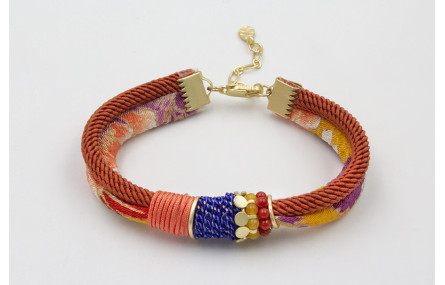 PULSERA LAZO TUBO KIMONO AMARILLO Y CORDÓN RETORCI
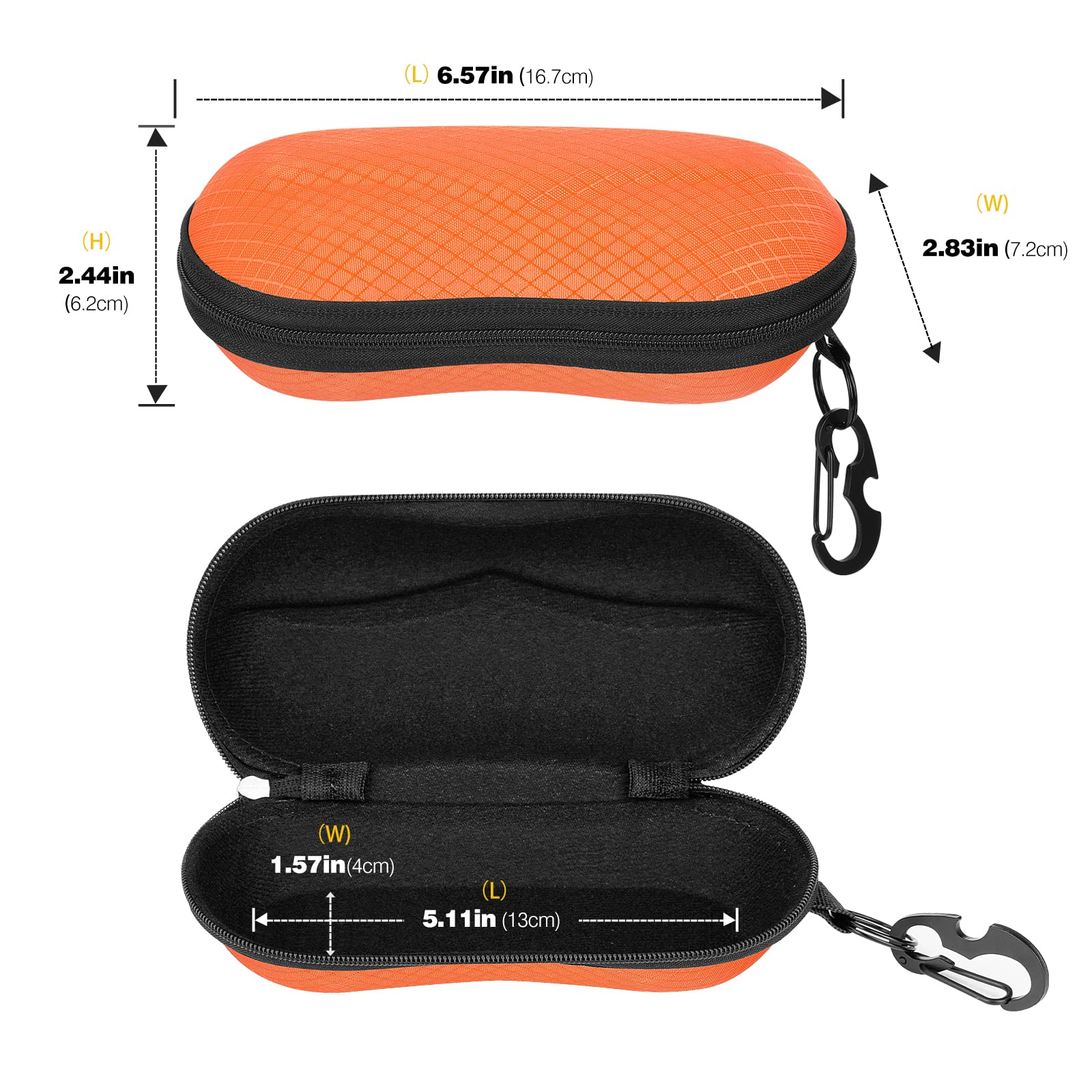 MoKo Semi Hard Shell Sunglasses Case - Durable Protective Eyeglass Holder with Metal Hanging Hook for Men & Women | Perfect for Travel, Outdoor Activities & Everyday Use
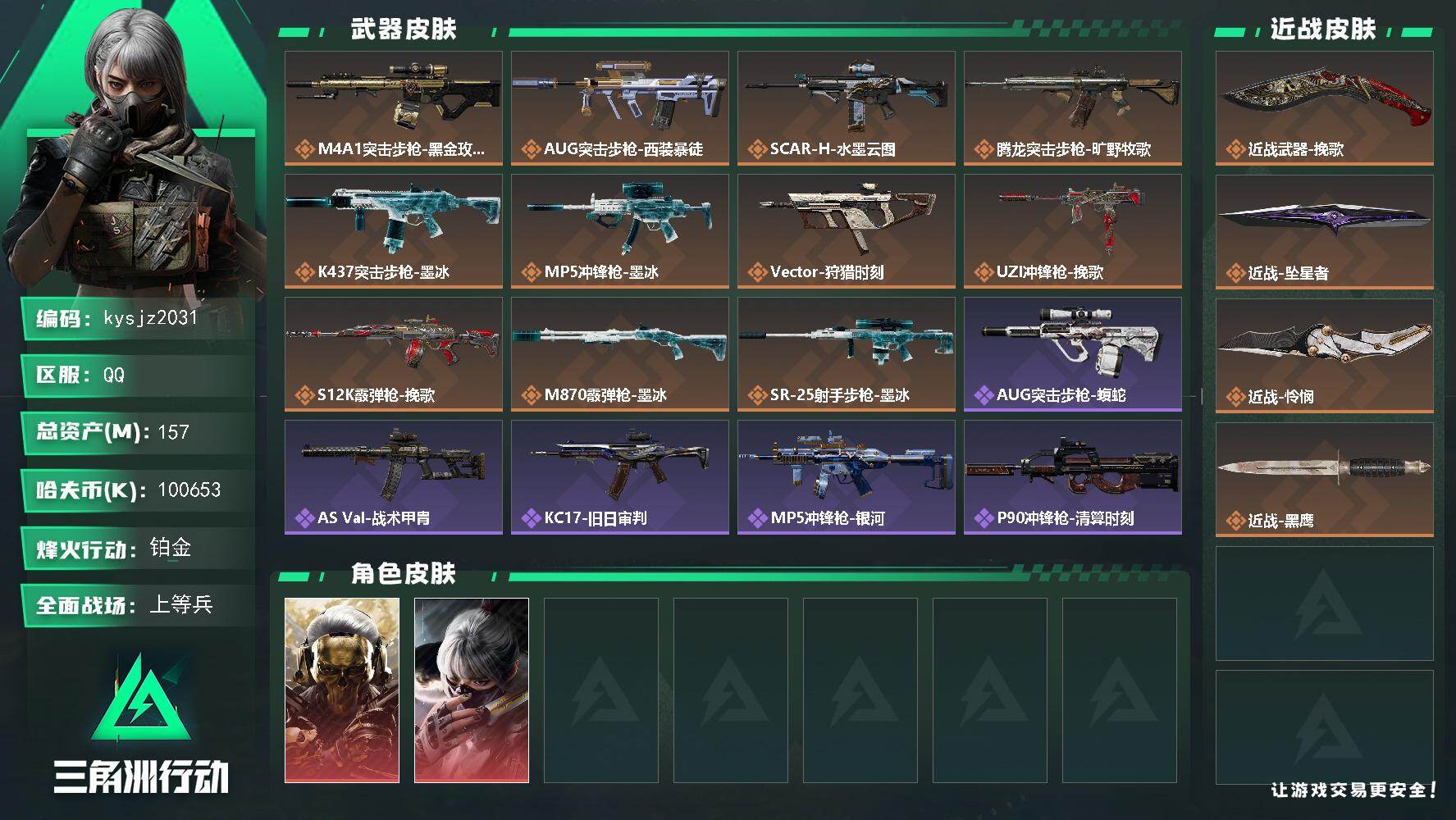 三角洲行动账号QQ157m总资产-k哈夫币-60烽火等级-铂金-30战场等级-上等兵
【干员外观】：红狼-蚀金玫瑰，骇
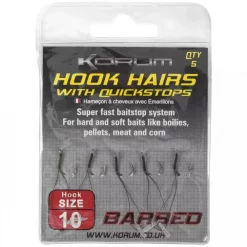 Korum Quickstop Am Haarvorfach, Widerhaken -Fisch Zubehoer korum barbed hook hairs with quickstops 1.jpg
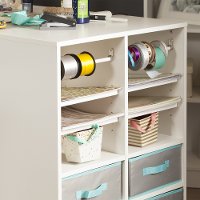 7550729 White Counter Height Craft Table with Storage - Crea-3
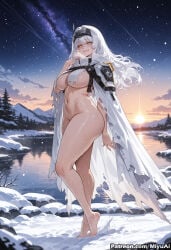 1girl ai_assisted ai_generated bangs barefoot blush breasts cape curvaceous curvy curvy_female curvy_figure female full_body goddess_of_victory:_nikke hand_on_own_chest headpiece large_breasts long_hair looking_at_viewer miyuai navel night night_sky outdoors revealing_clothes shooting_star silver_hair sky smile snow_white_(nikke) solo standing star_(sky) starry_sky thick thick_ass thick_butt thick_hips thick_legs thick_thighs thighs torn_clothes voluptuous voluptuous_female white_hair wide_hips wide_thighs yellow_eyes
==
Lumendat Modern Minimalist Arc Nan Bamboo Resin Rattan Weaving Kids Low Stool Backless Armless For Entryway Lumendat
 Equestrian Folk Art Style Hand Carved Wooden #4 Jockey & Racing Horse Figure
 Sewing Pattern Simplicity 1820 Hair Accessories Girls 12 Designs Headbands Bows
==
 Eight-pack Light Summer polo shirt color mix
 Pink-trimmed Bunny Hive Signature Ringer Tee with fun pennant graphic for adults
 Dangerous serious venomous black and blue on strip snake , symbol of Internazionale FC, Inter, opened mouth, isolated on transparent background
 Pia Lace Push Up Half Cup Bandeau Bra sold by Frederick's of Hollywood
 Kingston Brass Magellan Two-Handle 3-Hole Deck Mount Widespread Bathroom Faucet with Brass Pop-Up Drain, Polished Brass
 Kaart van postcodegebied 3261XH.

**Exercise goal:** The required answer is the exact run of lines above starting at the line with "Lumendat Modern Minimalist" and ending at the line with "Sewing Pattern Simplicity", with both ends present.

**Worked solution:**
Lumendat Modern Minimalist Arc Nan Bamboo Resin Rattan Weaving Kids Low Stool Backless Armless For Entryway Lumendat
 Equestrian Folk Art Style Hand Carved Wooden #4 Jockey & Racing Horse Figure
 Sewing Pattern Simplicity 1820 Hair Accessories Girls 12 Designs Headbands Bows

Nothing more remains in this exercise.